Chest radiograph classification and severity of suspected COVID-19 by different radiologist groups and attending clinicians: multi-reader, multi-case study
Nair A., Procter A., Halligan S., Parry T., Ahmed A., Duncan M., Taylor M., Chouhan M., Gaunt T., Roberts J., van Vucht N., Campbell A., Davis LM., Jacob J., Hubbard R., Kumar S., Said A., Chan X., Cutfield T., Luintel A., Marks M., Stone N., Mallet S.

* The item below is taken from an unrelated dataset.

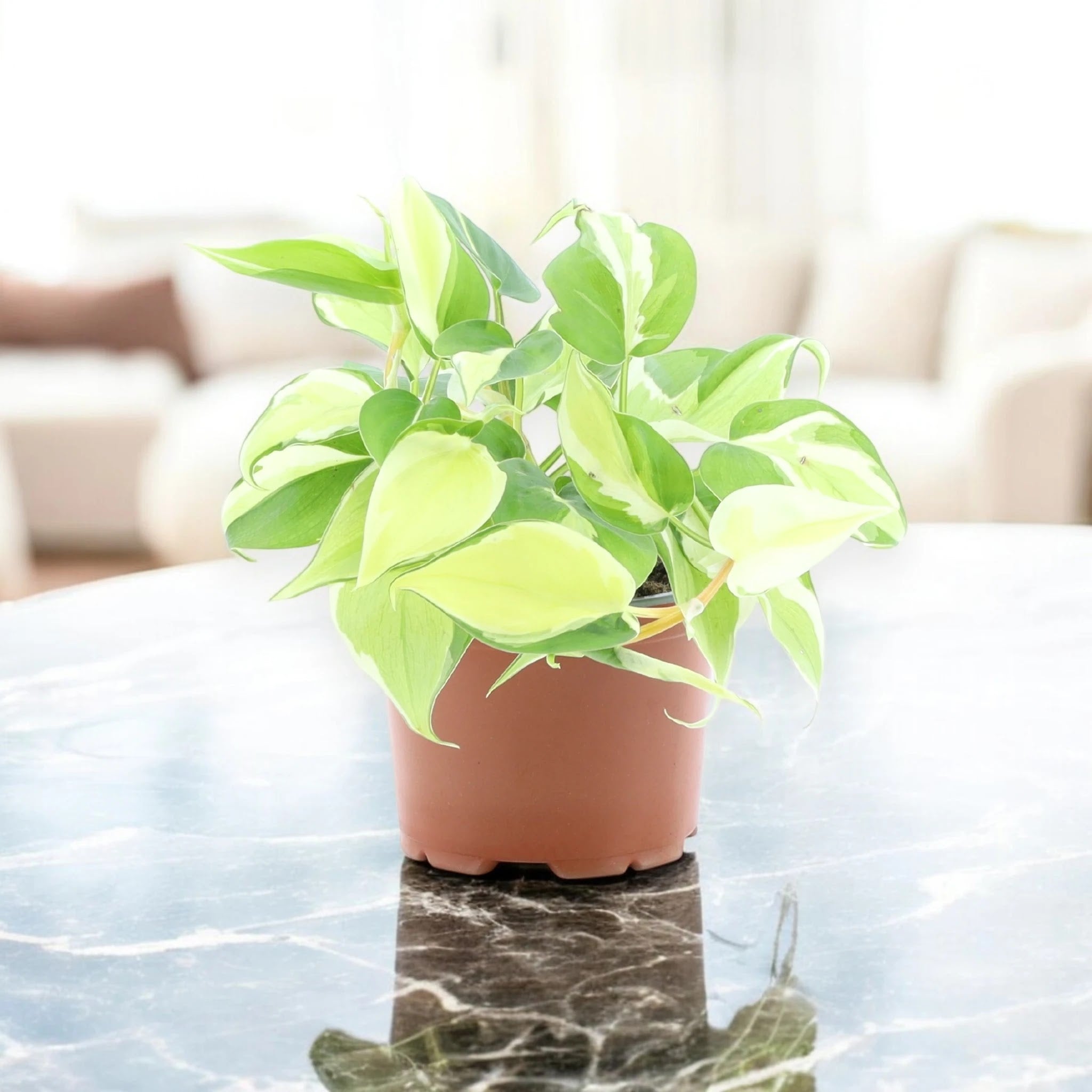 Philodendron scandens 'Rio'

Abstract Objectives To quantify reader agreement for the British Society of Thoracic Imaging (BSTI) diagnostic and severity classification for COVID-19 on chest radiographs (CXR), in particular agreement for an indeterminate CXR that could instigate CT imaging, from single and paired images. Methods Twenty readers (four groups of five individuals)—consultant chest (CCR), general consultant (GCR), and specialist registrar (RSR) radiologists, and infectious diseases clinicians (IDR)—assigned BSTI categories and severity in addition to modified Covid-Radiographic Assessment of Lung Edema Score (Covid-RALES), to 305 CXRs (129 paired; 2 time points) from 176 guideline-defined COVID-19 patients. Percentage agreement with a consensus of two chest radiologists was calculated for (1) categorisation to those needing CT (indeterminate) versus those that did not (classic/probable, non-COVID-19); (2) severity; and (3) severity change on paired CXRs using the two scoring systems. Results Agreement with consensus for the indeterminate category was low across all groups (28–37%). Agreement for other BSTI categories was highest for classic/probable for the other three reader groups (66–76%) compared to GCR (49%). Agreement for normal was similar across all radiologists (54–61%) but lower for IDR (31%). Agreement for a severe CXR was lower for GCR (65%), compared to the other three reader groups (84–95%). For all groups, agreement for changes across paired CXRs was modest. Conclusion Agreement for the indeterminate BSTI COVID-19 CXR category is low, and generally moderate for the other BSTI categories and for severity change, suggesting that the test, rather than readers, is limited in utility for both deciding disposition and serial monitoring. Key Points • Across different reader groups, agreement for COVID-19 diagnostic categorisation on CXR varies widely. • Agreement varies to a degree that may render CXR alone ineffective for triage, especially for indeterminate cases. • Agreement for serial CXR change is moderate, limiting utility in guiding management.